#### TASK TO COMPLETE
A single number is the answer: how many lines of the entries contain the word "Brown"?

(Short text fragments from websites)
+++
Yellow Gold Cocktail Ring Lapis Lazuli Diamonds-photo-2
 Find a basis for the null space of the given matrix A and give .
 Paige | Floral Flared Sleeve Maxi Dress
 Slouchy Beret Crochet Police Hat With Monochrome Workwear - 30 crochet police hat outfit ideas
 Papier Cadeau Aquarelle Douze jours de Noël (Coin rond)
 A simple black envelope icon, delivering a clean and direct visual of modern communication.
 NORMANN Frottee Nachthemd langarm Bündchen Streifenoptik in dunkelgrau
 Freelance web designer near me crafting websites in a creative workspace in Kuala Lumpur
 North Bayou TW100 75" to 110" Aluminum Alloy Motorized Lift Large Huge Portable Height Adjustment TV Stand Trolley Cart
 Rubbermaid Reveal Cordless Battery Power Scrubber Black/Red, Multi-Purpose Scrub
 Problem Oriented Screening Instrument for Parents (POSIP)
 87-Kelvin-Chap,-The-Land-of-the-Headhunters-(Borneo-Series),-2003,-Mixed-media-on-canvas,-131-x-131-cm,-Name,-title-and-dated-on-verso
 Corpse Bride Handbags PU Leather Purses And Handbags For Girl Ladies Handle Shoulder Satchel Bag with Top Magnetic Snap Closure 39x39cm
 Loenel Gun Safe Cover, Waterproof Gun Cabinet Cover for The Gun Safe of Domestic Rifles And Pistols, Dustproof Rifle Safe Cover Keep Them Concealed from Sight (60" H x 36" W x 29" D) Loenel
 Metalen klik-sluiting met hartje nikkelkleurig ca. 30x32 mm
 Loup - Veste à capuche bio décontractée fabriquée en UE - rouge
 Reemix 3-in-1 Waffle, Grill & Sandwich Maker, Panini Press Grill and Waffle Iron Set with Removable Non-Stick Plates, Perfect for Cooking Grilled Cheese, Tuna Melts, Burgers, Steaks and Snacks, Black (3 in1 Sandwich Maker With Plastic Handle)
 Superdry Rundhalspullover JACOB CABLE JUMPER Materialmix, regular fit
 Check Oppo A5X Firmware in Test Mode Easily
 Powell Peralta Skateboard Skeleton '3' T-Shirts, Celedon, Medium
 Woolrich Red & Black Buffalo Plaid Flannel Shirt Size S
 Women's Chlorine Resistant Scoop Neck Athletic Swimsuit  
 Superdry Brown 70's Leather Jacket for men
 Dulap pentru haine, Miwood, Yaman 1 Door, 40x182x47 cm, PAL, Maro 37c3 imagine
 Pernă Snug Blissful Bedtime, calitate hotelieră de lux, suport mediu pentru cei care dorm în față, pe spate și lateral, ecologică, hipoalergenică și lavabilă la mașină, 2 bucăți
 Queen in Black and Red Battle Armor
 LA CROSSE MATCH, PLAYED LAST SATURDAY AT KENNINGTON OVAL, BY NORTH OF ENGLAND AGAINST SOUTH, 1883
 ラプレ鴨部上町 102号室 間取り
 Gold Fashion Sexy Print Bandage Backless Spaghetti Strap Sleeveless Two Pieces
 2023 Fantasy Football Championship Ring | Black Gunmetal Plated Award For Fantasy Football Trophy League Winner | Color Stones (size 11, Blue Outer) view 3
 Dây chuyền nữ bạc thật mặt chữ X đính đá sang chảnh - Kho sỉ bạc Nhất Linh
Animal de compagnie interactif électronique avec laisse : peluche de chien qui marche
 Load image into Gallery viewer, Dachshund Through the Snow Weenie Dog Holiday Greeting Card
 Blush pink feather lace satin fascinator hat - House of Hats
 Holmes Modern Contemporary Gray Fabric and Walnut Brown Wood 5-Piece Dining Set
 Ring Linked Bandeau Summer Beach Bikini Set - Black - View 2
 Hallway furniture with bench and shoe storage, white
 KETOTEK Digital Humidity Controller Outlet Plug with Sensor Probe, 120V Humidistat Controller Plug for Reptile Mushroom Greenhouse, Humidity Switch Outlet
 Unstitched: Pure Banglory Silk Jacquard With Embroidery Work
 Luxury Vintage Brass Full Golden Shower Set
+++
#### ANSWER FOR THE TASK
2